I am looking for results of the form
$$\mathrm{Vol}(G_\varepsilon)/\mathrm{Vol}(G)\leq \exp(-N\rho(\varepsilon))$$
for bounded measurable sets (or similar results).
This is to make precise the intuition that, as the dimension of the space increases a larger fraction of the volume of a set is concentrated near the boundary.
For example let $G=[0-\varepsilon,1+\varepsilon]^N$, then
$G_\varepsilon=[0,1]^N$ and the volume fraction above becomes $(1+2\varepsilon)^{-N}$ hence the conjecture for exponential decrease.

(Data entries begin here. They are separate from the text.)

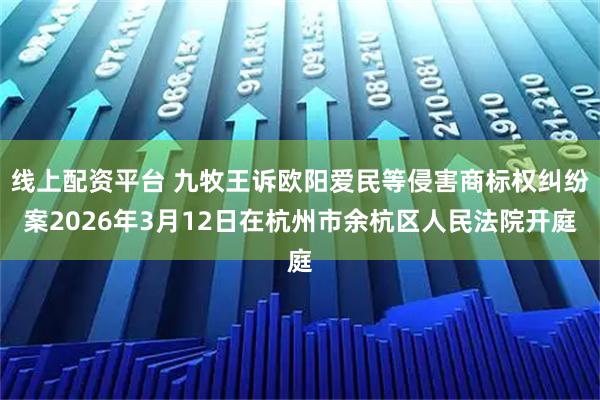 线上配资平台 九牧王诉欧阳爱民等侵害商标权纠纷案2026年3月12日在杭州市余杭区人民法院开庭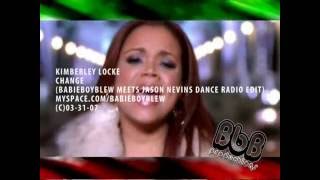 Kimberley Locke - Change (BabieBoyBlew Meets Jason Nevins Dance Radio Edit)
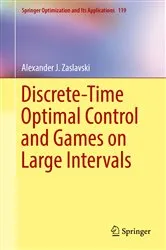 Book cover of Discrete-Time Optimal Control and Games on Large Intervals by Alexander J. Zaslavski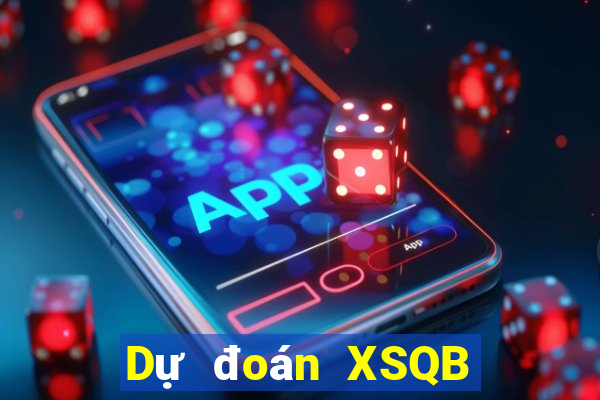 Dự đoán XSQB Chủ Nhật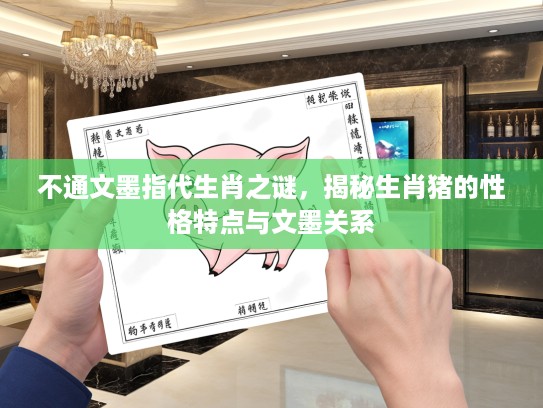不通文墨指代生肖之谜,揭秘生肖猪的性格特点与文墨关系 不通文墨指代生肖之谜,揭秘生肖猪的性格特点与文墨关系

Are there any results available already?
 A: $\newcommand\ep\varepsilon\newcommand\R{\mathbb R}$Suppose that $G$ is a measurable subset of $\R^N$ with volume $|G|>0$ such that
$$|G|\le C^N|B|,$$
where $C>0$ is a real constant and $B$ is the unit ball in $\R^N$.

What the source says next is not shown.